Вид у него был совершенно дикий, особенно рядом с этими парнями, которые выглядели уличными хулиганами, и тут — этот, в костюме с галстуком, промокающий белым платком кровавую юшку…
— Добро пожаловать в оруженосцы Черного рейхсвера, Бальдур.
Уве торжественно пожал ему руку, но паренек даже не улыбнулся.
Уве обвел ребят взглядом — и его острые, словно щепки, глаза впились в угрюмое лицо Ронни:
— Присмотришь за ним. Объяснишь, что к чему. А ты, — он перевел глаза на новичка, — не гляди, что наш Ронни еврейчик, прежде всего он — немец. Видал я на войне неплохих еврейских парней…
Ронни втайне обрадовался, что Уве поручил ему приглядывать за новичком.

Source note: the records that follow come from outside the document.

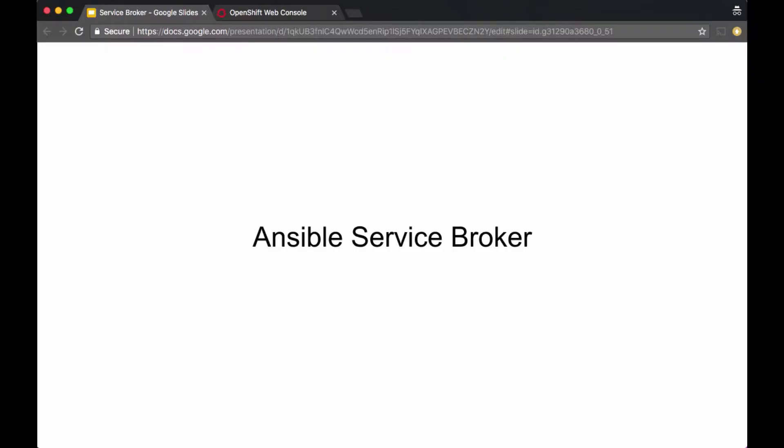Hello. In the last video, we discussed about the service broker architecture on OpenShift. In this video, we'll focus on one of the service brokers that OpenShift provides, which is Ansible Service Broker.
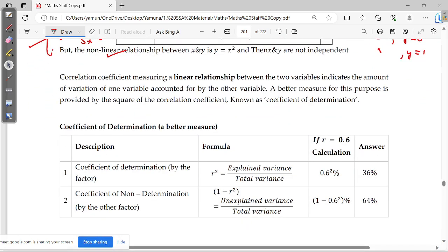Even though r may equal 0 in a non-linear relationship, we discuss something called the coefficient of determination. The coefficient of determination, denoted r squared, tells us how much we can determine. For example, if r squared is 36 percent, that means 36 percent of the variation is explained.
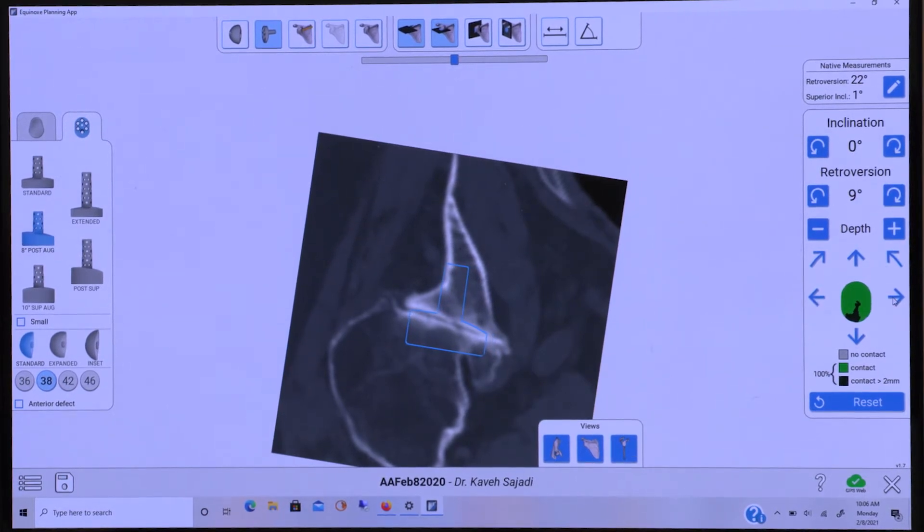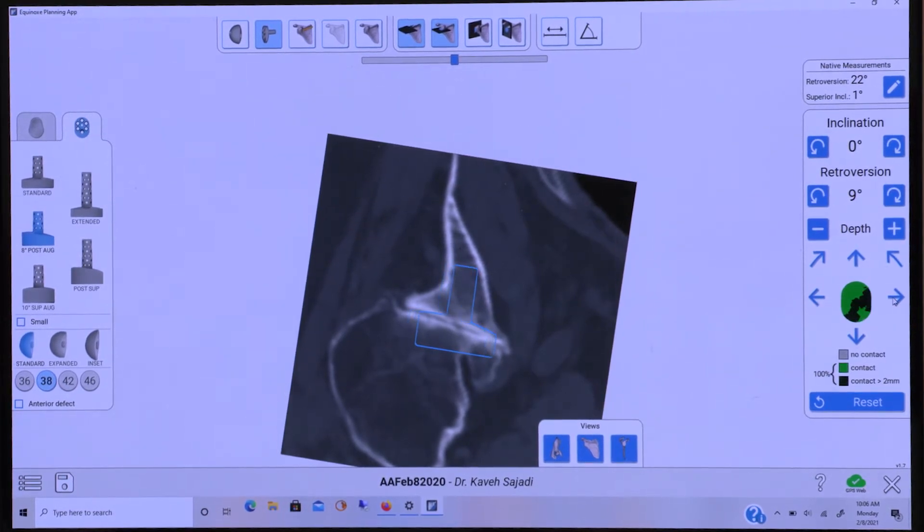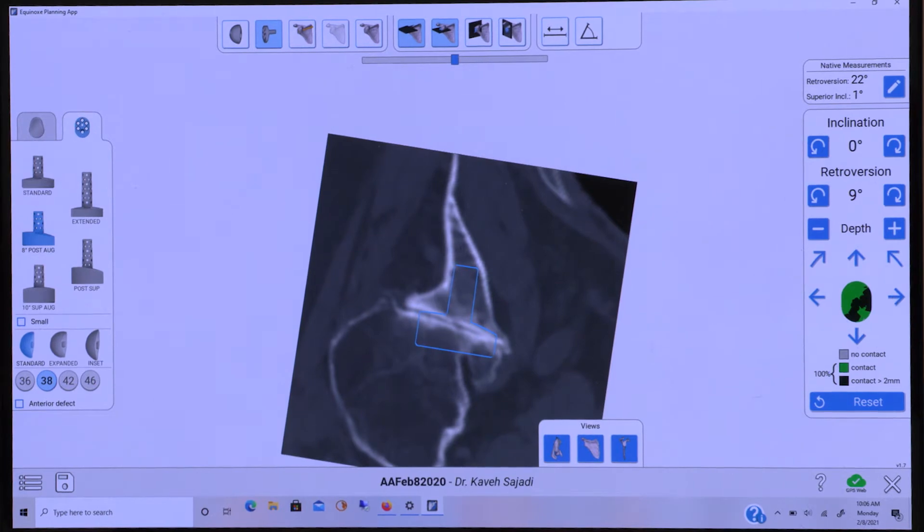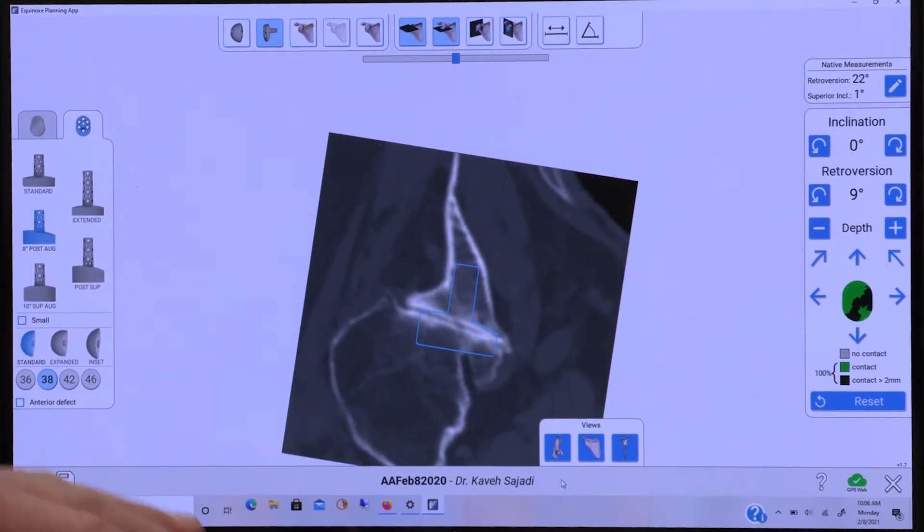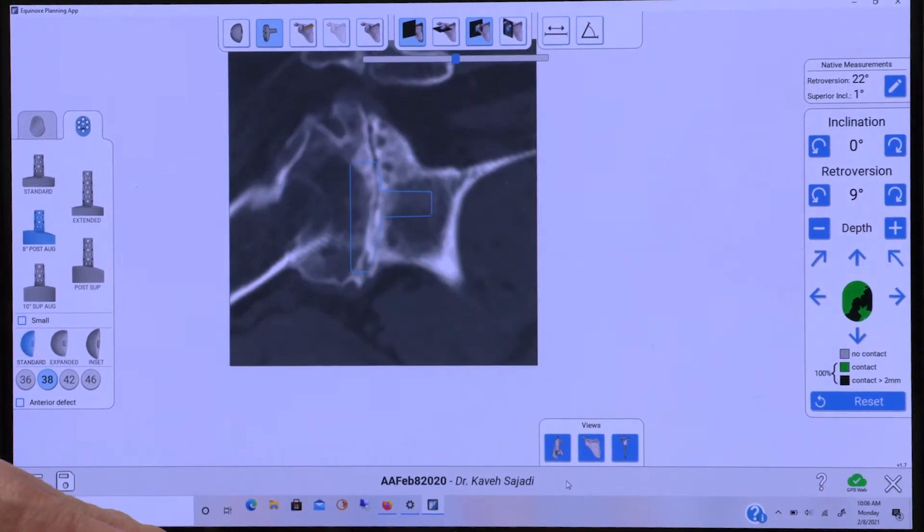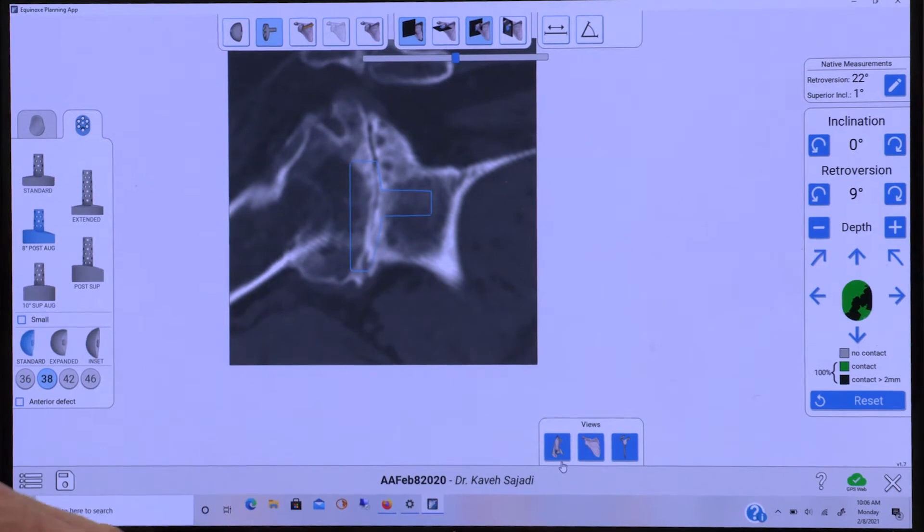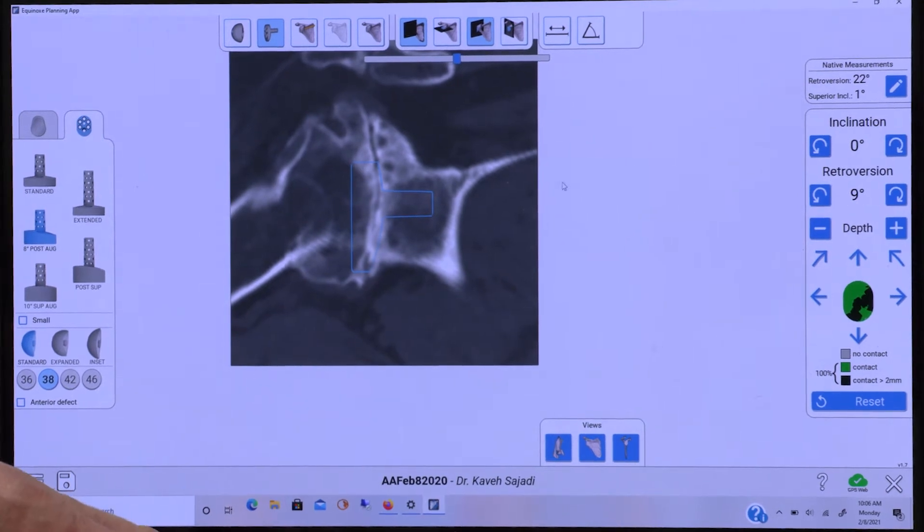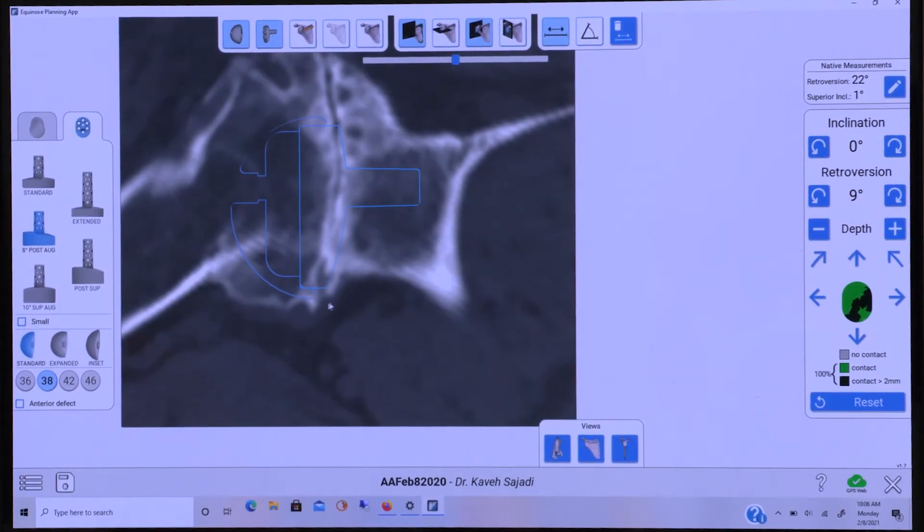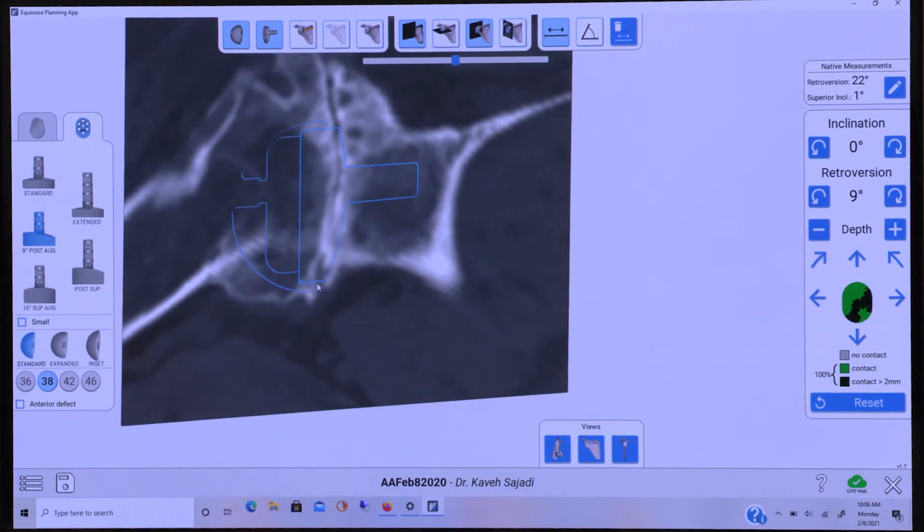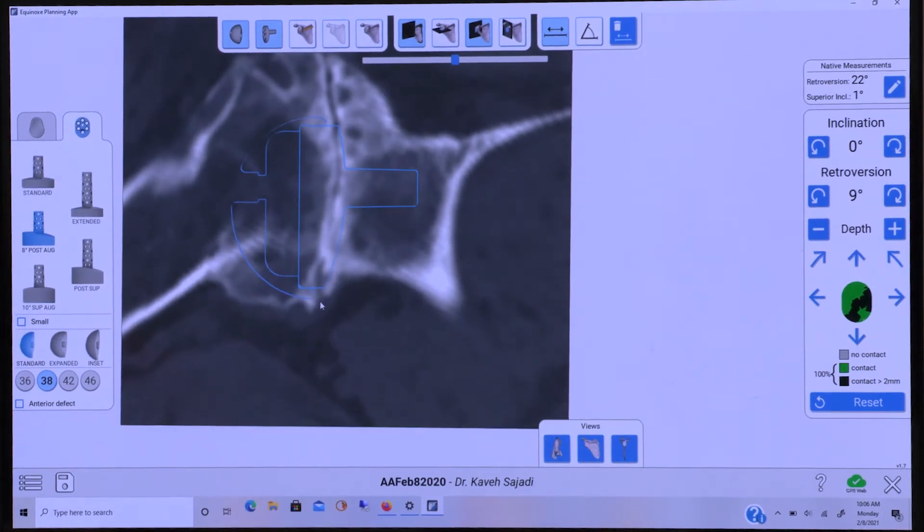Simple position changes of the base plate can be trialed before final position is determined. Inferior overhang can also be appreciated and measured in this case of approximately 5 millimeters using the software available.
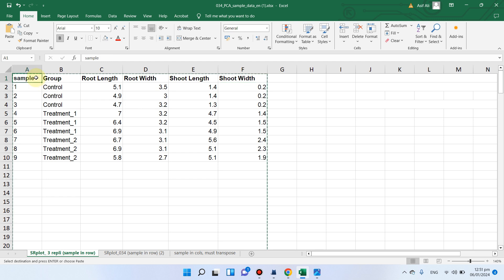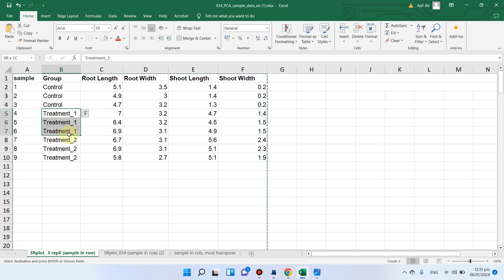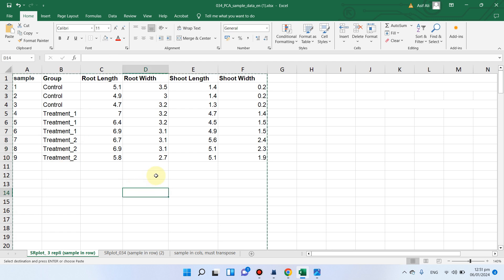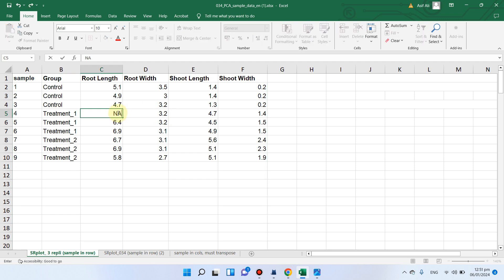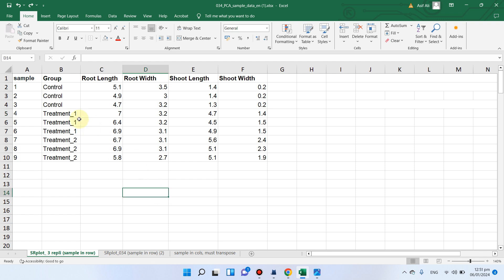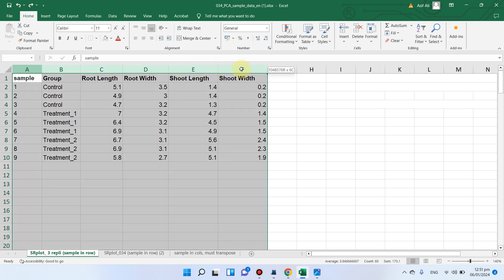The first column should be the sample name and the second column should be the group name. Here we have one group called 'control', the second group is 'treatment one', and the third is 'treatment three'. This is the simplest design commonly used in transcriptomic or other studies. Remember that no cell can be empty — if you have no value, write 'NA', but do not leave it blank.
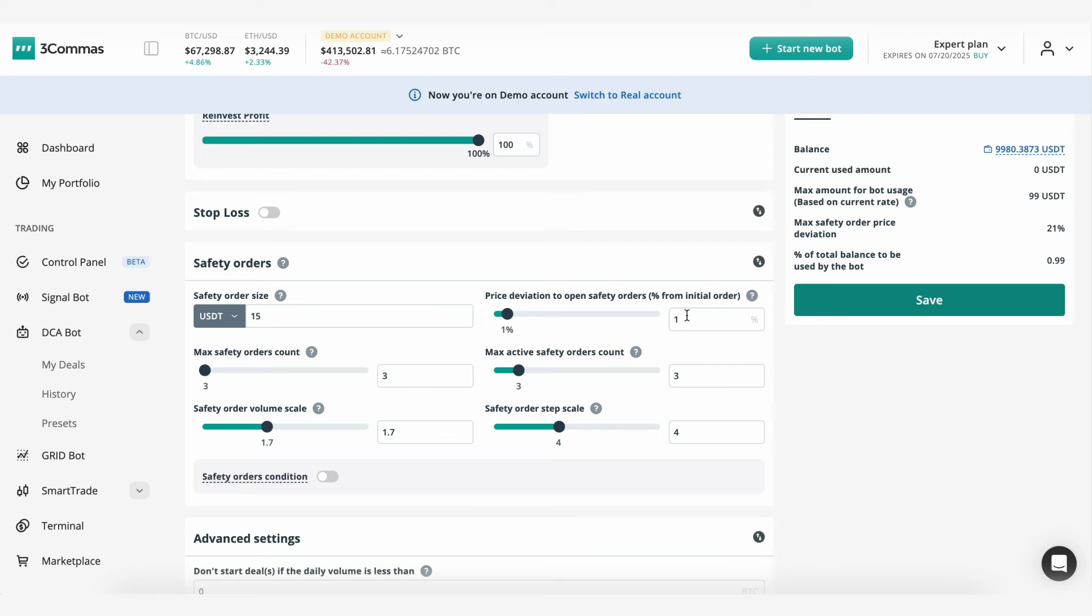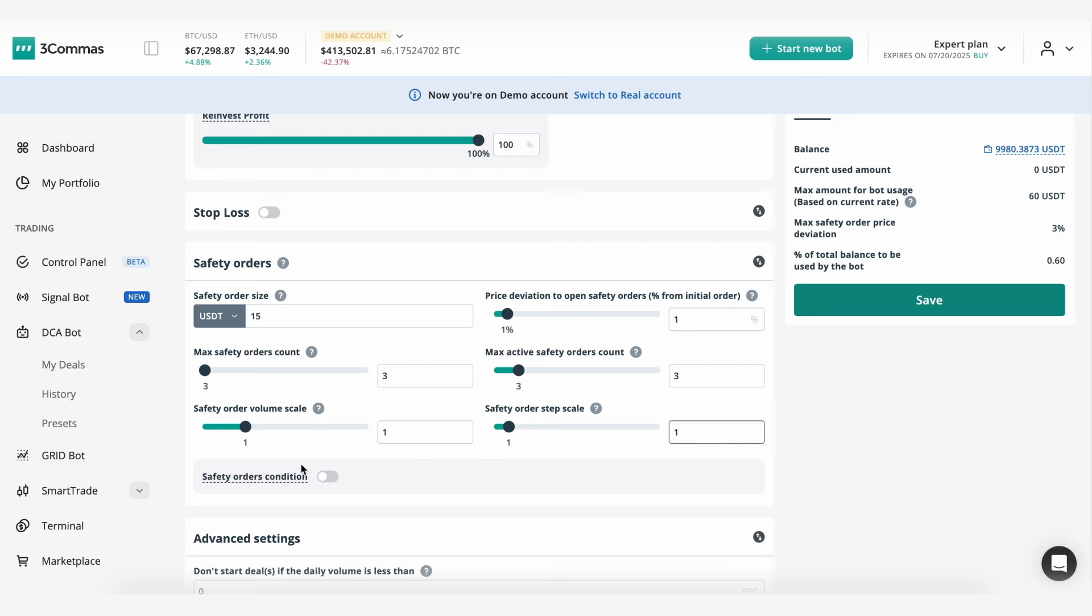For example, we have set the price deviation to open safety orders to 1%, the safety order volume scale to 1, and the safety order step scale to 1 as well. This means the bot will not increase the price deviation percentage for safety orders, and the volume will remain at 15 USDT per safety order.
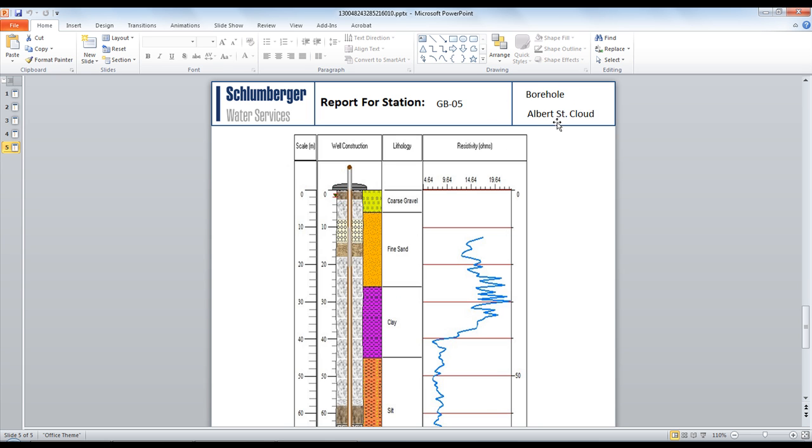So you can pull any information you'd like from the database when creating your templates this way. But we do recommend you create your query so that it pulls only one record per station, otherwise you'll find duplicates when you print out your BHLPs.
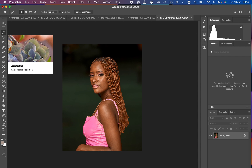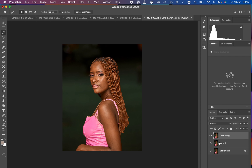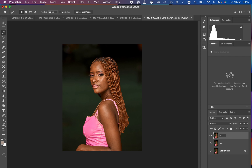This is the image we're going to be using for this tutorial. Before we proceed, remember frequency separation divides the image into the high frequency layer and the low frequency layer. In the high frequency layer we have the textures, and in the low frequency layer we have the color. Apart from the background layer, press Ctrl+J twice to duplicate, then rename one layer 'Low' and the top layer 'High'.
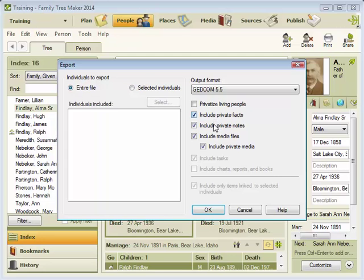Here, you want to keep all the options checked except for Privatized. That will actually remove some information out of your GEDCOM file, and you want to leave all of your information in the GEDCOM file.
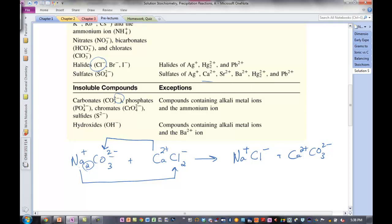So we take the cation from one salt and combine it with the anion from the other. Na+ with Cl−: charge is already balanced. Next salt: calcium 2+ combined with carbonate. Charge is balanced, we're done. Sometimes the charges won't be balanced and you'll have to add subscripts to balance and make the substance electrically neutral. So that's how we write out one of these precipitation reactions in terms of figuring out our products. Assign the charges first so that you can then predict the formulas of the products.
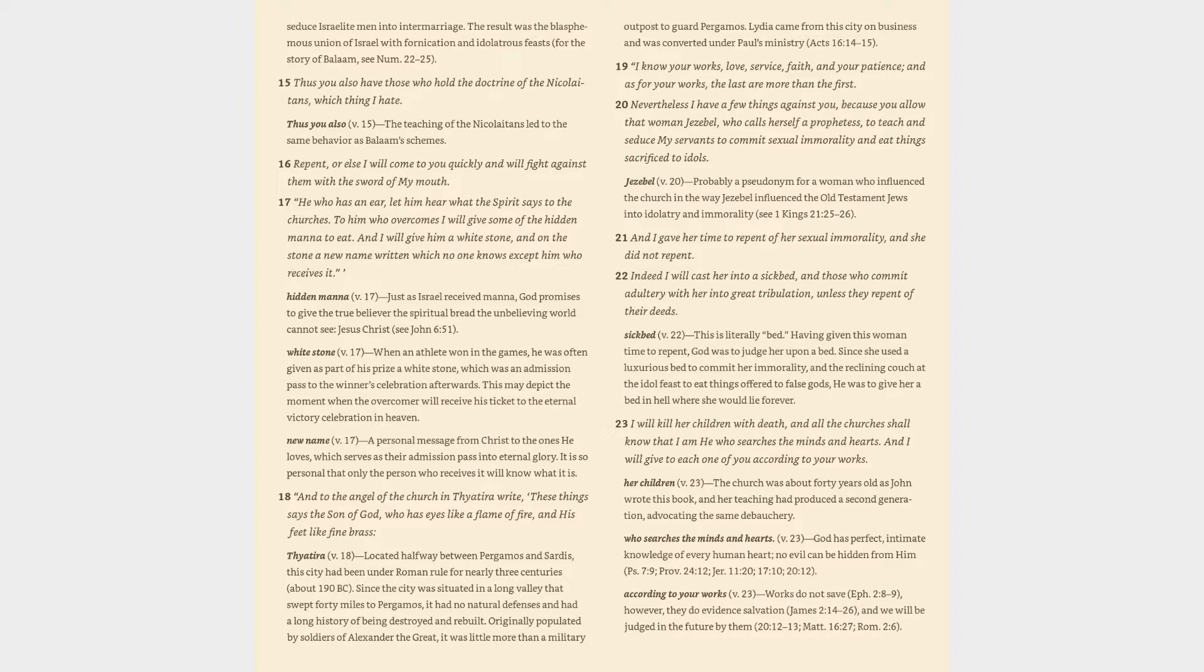14. But I have a few things against you, because you have there those who hold the doctrine of Balaam, who taught Balak to put a stumbling block before the children of Israel, to eat things sacrificed to idols and to commit sexual immorality. Doctrine of Balaam verse 14: Balaam tried unsuccessfully to prostitute his prophetic gift and curse Israel for money offered him by Balak, king of Moab. So he devised a plot to have Moabite women seduce Israelite men into intermarriage. The result was the blasphemous union of Israel with fornication and idolatrous feasts.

Дело было в том, что Ронни, хоть вроде бы и считался у этих парней своим, все же был один. Никто особенно не стремился с ним подружиться — их папаши и мамаши успели внушить им неприязнь к евреям, как к некой хитрой и опасной силе, которая только и стремится отвоевать у них жизненное пространство — деньги, работу и белокурых девушек.
В парикмахерских Ронни просил, чтоб ему как можно короче стригли волосы — так, чтоб было незаметно, что они вьются, и был даже не против, чтоб кто-нибудь крепко дал ему в нос, чтоб навек изменить его форму…
Этот парнишка, Бальдур, был на два года моложе, и в Ронни боролись желание протянуть ему руку и подружиться с ним — и беспомощное пренебрежение («сопляк!»)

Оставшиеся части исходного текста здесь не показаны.